Es verändert nur seine Form – von Feuer zu Gefühl, von Messer zu Wort.
Schreiben – Der zweite Herd
Lange schrieb ich nur für mich.
Über die Küche, die kein Arbeitsplatz war, sondern Spiegel.
Von Disziplin, Schwäche und Würde.
Kein Glitzer, kein Lärm.
Ein Messer in der Hand, ein Gedanke im Kopf.
Später kam die Tastatur dazu – ein anderes Werkzeug, gleiche Präzision.
Wenn ich schreibe, soll man Butter riechen und Kräuter, das leise Klopfen des Messers hören, das Atmen einer Küche spüren.
Ich schreibe, wie ich koche: improvisierend, mit Handwerk und Gefühl.
Über echte Lebensmittel, über den Rhythmus eines Dienstes, über die Stille nach dem letzten Teller.
Und über das Schweigen, das bleibt, wenn man hinsieht.
Haltung – Über Geschmack und Leben
Ich schreibe über Arbeit, über Essen, über Menschen.
Manchmal schön, meistens ehrlich.
Das reicht.
Meine Küche ist kreativ, fischverliebt, pflanzenstark.
Ich mag Gräten, Kräuter, klare Aromen – und das Improvisieren.

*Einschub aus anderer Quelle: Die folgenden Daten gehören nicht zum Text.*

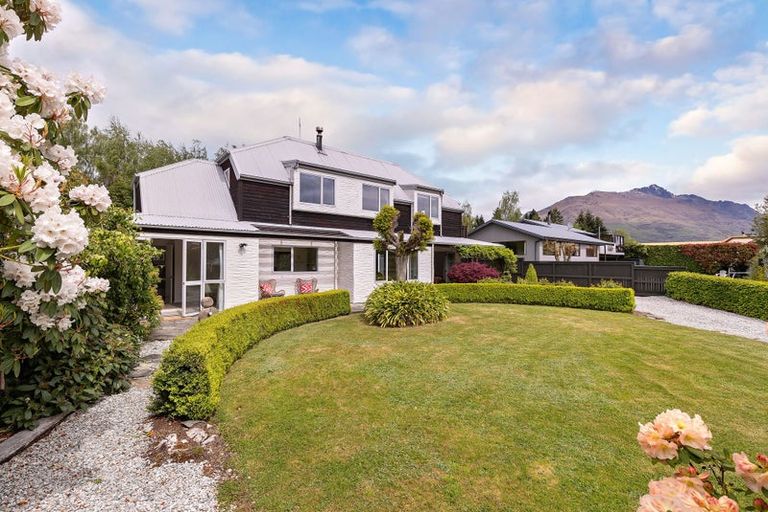 Photo of property in 7 Kelvin Place, Kelvin Heights, Queenstown, 9300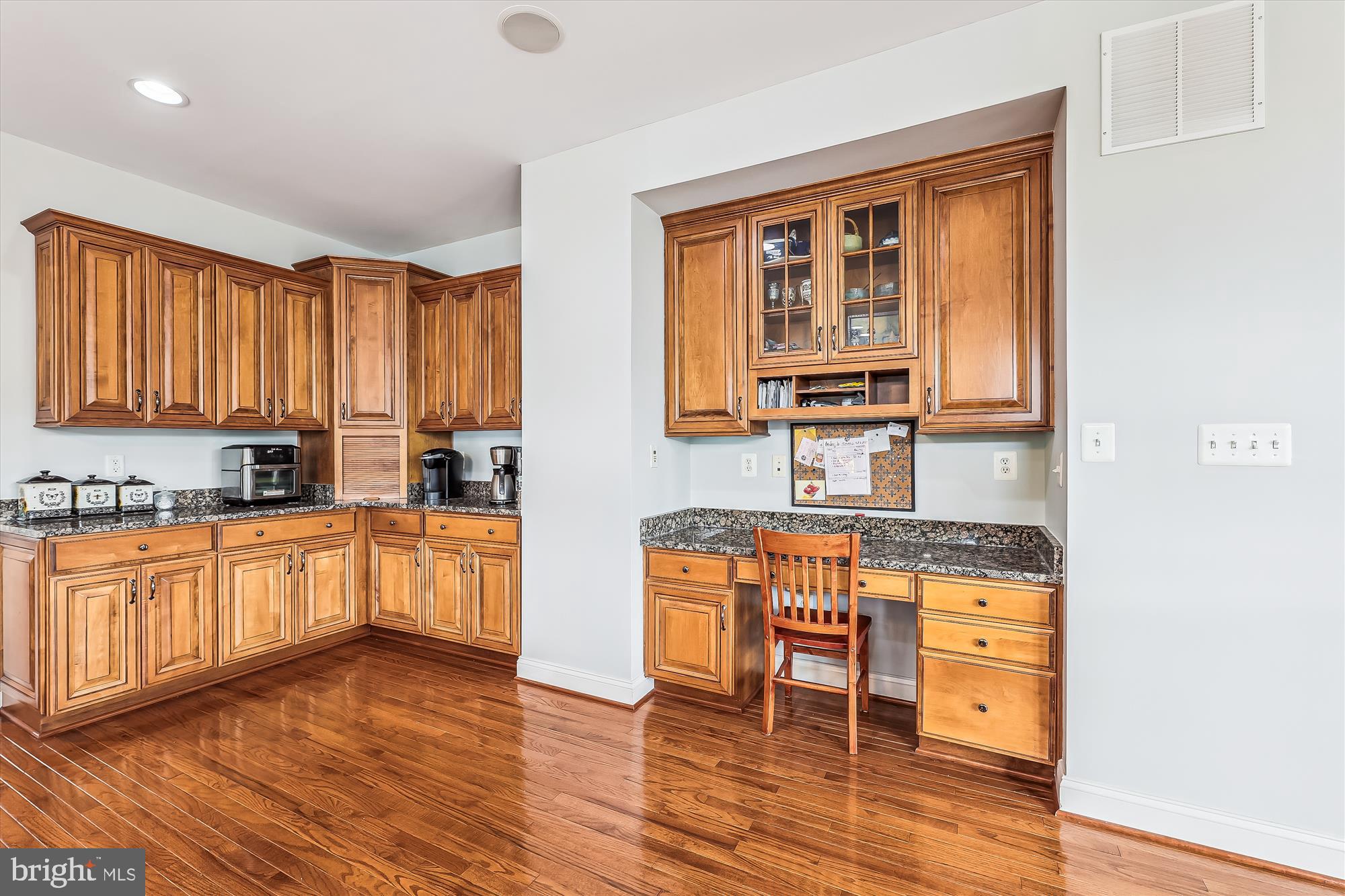 WILLOW RIDGE - Residential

Vegetarisch und vegan sind für mich kein Trend, sondern Ausdruck einer bewussteren Zeit.
Ich genieße gern.
Am liebsten dort, wo Menschen wissen, was sie tun.
Manchmal schleiche ich mich in Küchen, nur um Danke zu sagen – für gutes Essen, für Haltung, für Würde im Handwerk.
Ich lese. Höre zu. Denke laut.
Ich liebe gute Musik – Blues, Soul, Deep House.
Am liebsten live. Warum?
Weil live am ehrlichsten ist.
Nachklang – Kontrast und Schweigen
Vielleicht bin ich heute mehr Chronist als Koch.
Aber in Wahrheit war ich es immer – einer, der das Flüchtige festhalten will, bevor es verkocht, verfliegt, vergessen wird.
Einer, der weiß, dass Stille oft lauter ist als jedes Lob.
Und dass Ehrlichkeit, am Herd wie im Satz, nie laut sein muss, um wahr zu bleiben.